## Supplied entries
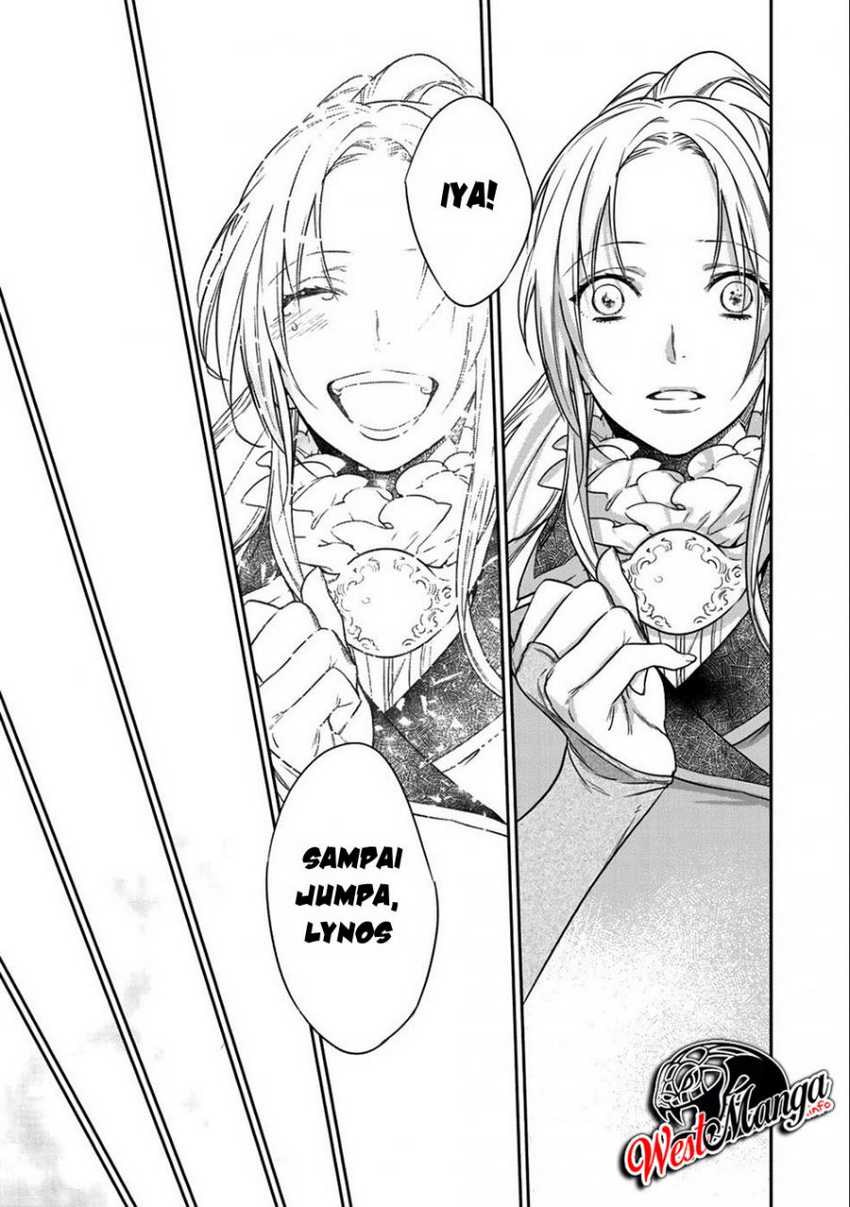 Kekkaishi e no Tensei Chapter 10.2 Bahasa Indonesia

==

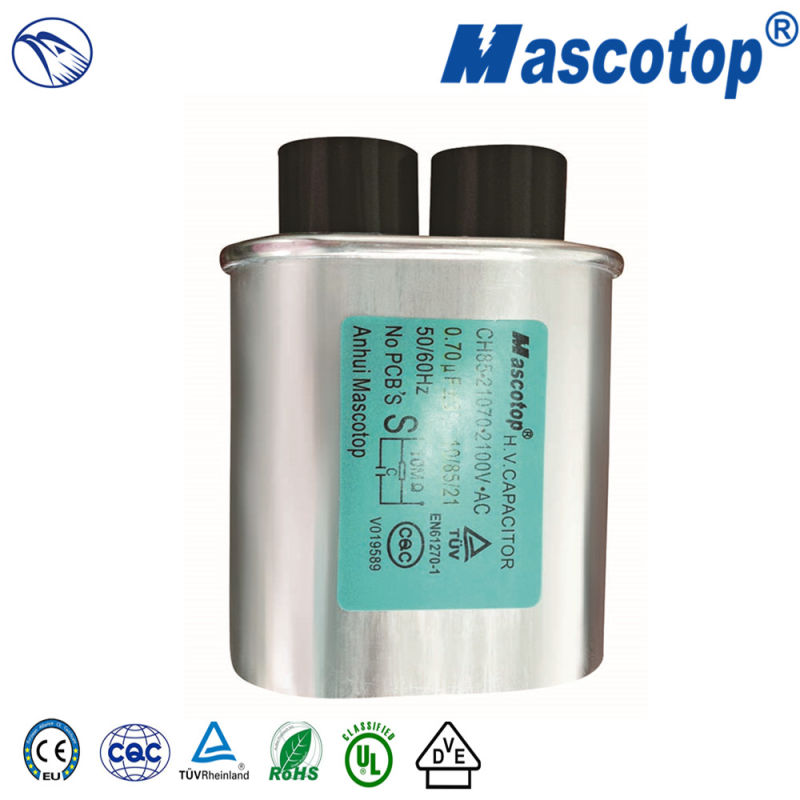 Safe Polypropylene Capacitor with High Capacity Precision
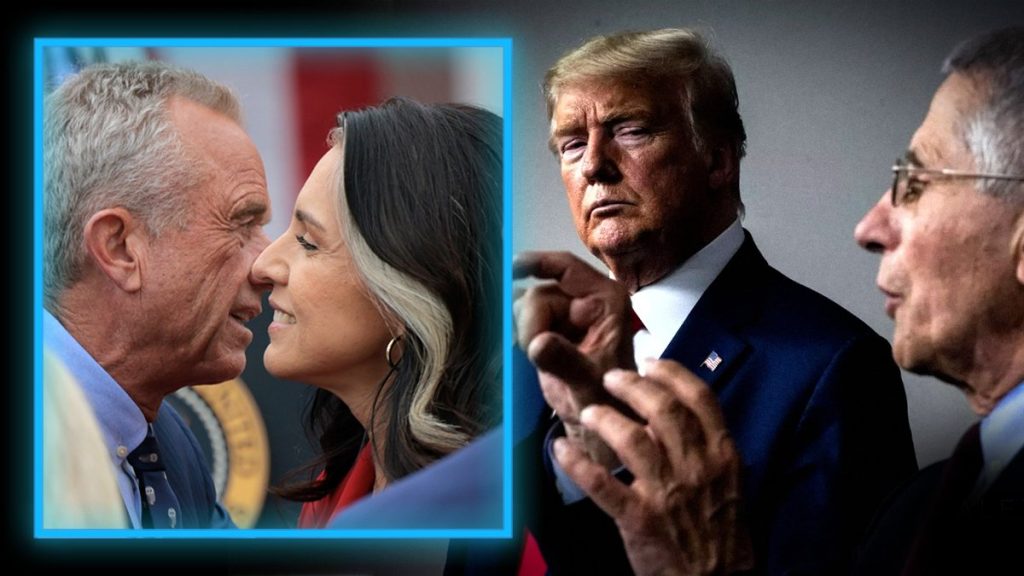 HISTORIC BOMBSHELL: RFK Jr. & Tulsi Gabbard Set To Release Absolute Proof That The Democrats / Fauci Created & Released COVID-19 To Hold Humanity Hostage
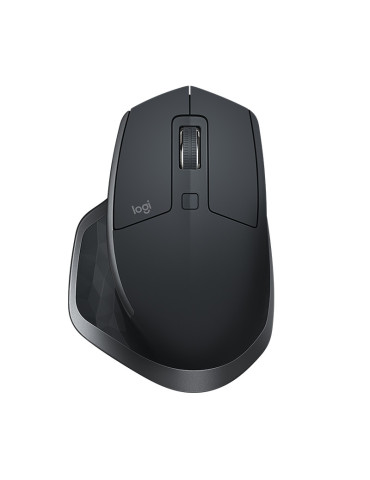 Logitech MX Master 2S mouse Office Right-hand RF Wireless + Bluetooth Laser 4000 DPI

## The problem
The stretch above running from the line with "HISTORIC BOMBSHELL: RFK" through the line with "Logitech MX Master" is all you should copy, exactly, leaving out the pictures.

## Solved problem
 HISTORIC BOMBSHELL: RFK Jr. & Tulsi Gabbard Set To Release Absolute Proof That The Democrats / Fauci Created & Released COVID-19 To Hold Humanity Hostage
 Logitech MX Master 2S mouse Office Right-hand RF Wireless + Bluetooth Laser 4000 DPI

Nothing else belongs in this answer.